Supplied material:

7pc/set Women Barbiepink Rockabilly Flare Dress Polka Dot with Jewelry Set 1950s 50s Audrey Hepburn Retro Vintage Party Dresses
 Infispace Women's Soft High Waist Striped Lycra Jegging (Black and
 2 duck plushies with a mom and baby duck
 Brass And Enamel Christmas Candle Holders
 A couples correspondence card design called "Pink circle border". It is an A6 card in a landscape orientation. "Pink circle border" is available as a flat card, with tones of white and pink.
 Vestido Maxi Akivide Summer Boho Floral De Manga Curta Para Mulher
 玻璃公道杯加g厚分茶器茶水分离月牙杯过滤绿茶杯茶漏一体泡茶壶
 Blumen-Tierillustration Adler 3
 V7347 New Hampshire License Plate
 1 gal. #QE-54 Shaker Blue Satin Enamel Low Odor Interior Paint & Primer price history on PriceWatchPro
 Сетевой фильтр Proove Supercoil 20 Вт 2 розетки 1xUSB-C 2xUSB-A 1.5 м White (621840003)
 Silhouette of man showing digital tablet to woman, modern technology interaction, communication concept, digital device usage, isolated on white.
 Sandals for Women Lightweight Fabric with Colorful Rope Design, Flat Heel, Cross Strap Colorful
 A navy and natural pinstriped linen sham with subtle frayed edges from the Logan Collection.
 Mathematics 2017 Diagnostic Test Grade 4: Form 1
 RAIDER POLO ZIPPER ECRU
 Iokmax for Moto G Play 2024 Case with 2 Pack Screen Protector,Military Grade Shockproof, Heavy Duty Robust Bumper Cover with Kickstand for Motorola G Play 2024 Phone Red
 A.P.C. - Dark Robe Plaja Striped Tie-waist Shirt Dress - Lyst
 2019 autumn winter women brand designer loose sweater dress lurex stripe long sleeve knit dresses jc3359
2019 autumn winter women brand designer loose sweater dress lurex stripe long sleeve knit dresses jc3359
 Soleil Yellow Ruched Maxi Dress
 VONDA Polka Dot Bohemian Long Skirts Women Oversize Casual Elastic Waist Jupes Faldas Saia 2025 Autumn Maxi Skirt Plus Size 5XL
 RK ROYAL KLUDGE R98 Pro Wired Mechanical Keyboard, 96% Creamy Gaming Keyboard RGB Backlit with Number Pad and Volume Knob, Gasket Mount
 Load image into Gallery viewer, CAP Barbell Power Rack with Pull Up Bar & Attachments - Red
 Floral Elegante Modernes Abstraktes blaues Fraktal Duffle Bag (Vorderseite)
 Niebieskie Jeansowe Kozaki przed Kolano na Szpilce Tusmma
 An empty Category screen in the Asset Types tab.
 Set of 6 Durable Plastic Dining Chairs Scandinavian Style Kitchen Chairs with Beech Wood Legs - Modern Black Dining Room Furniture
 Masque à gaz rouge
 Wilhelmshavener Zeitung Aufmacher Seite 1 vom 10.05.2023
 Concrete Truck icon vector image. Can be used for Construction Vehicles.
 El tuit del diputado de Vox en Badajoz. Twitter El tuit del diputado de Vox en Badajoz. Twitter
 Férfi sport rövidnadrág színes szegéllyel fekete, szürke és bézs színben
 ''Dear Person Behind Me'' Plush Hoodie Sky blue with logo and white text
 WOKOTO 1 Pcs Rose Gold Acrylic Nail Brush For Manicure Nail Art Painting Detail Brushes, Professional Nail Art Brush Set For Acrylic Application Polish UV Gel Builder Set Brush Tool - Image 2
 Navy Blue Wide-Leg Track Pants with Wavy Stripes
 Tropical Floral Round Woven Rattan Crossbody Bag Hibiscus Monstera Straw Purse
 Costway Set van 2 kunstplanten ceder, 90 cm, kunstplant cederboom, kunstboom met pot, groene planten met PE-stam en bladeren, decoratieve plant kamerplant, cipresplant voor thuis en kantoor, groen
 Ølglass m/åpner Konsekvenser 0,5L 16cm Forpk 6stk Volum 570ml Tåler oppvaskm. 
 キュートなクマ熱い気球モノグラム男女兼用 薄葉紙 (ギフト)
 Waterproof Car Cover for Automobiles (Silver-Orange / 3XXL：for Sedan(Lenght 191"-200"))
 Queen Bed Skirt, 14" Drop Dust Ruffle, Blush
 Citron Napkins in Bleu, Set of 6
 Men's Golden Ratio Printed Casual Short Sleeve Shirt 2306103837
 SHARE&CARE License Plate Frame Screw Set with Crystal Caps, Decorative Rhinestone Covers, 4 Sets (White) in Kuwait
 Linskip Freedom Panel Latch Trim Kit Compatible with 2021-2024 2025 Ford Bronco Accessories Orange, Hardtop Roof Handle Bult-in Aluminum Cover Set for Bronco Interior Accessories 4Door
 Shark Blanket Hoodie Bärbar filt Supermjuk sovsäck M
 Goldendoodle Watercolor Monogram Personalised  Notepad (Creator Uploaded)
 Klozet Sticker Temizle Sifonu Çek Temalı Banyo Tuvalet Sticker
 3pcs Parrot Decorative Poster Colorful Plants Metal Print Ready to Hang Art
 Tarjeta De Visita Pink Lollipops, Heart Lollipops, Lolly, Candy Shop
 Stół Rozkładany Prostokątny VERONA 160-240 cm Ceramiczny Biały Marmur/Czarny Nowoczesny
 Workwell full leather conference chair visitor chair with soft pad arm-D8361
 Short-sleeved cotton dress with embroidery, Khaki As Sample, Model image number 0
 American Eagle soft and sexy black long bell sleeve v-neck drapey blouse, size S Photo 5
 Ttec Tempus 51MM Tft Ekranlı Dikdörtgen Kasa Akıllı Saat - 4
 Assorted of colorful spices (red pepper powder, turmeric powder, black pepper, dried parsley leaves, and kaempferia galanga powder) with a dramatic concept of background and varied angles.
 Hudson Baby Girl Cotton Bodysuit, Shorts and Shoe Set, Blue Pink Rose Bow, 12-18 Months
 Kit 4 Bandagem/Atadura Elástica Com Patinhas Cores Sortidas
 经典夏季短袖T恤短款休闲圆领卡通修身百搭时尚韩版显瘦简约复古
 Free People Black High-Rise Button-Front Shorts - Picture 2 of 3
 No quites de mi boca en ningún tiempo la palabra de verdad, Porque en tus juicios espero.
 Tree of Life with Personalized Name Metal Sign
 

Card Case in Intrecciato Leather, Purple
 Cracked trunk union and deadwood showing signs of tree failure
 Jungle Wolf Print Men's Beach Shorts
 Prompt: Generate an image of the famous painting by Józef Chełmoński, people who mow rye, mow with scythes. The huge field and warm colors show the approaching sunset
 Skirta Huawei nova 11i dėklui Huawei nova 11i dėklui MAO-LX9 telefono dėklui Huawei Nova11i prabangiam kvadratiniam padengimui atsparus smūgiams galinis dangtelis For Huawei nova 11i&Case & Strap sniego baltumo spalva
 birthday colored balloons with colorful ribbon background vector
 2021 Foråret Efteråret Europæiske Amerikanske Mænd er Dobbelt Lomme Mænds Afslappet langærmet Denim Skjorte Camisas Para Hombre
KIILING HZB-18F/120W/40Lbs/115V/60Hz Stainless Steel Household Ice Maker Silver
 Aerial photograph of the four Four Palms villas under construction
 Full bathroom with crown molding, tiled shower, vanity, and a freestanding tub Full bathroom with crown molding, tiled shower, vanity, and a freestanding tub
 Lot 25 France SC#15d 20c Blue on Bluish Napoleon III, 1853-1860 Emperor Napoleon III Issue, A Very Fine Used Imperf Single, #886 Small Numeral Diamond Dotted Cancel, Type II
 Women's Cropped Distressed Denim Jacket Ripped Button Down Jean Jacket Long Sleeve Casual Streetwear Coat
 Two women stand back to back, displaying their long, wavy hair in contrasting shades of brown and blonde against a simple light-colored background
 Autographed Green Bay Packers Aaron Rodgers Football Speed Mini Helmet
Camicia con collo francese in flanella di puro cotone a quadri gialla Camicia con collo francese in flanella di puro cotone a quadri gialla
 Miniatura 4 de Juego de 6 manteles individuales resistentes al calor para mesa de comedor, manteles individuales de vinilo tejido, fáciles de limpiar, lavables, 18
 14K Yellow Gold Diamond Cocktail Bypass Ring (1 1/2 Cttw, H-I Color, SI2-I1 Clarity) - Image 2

Exercise brief: Give back the listing exactly, please, from its first line to the line containing "A navy and natural", inclusive, and nothing past that line.

Response to the task:
7pc/set Women Barbiepink Rockabilly Flare Dress Polka Dot with Jewelry Set 1950s 50s Audrey Hepburn Retro Vintage Party Dresses
 Infispace Women's Soft High Waist Striped Lycra Jegging (Black and
 2 duck plushies with a mom and baby duck
 Brass And Enamel Christmas Candle Holders
 A couples correspondence card design called "Pink circle border". It is an A6 card in a landscape orientation. "Pink circle border" is available as a flat card, with tones of white and pink.
 Vestido Maxi Akivide Summer Boho Floral De Manga Curta Para Mulher
 玻璃公道杯加g厚分茶器茶水分离月牙杯过滤绿茶杯茶漏一体泡茶壶
 Blumen-Tierillustration Adler 3
 V7347 New Hampshire License Plate
 1 gal. #QE-54 Shaker Blue Satin Enamel Low Odor Interior Paint & Primer price history on PriceWatchPro
 Сетевой фильтр Proove Supercoil 20 Вт 2 розетки 1xUSB-C 2xUSB-A 1.5 м White (621840003)
 Silhouette of man showing digital tablet to woman, modern technology interaction, communication concept, digital device usage, isolated on white.
 Sandals for Women Lightweight Fabric with Colorful Rope Design, Flat Heel, Cross Strap Colorful
 A navy and natural pinstriped linen sham with subtle frayed edges from the Logan Collection.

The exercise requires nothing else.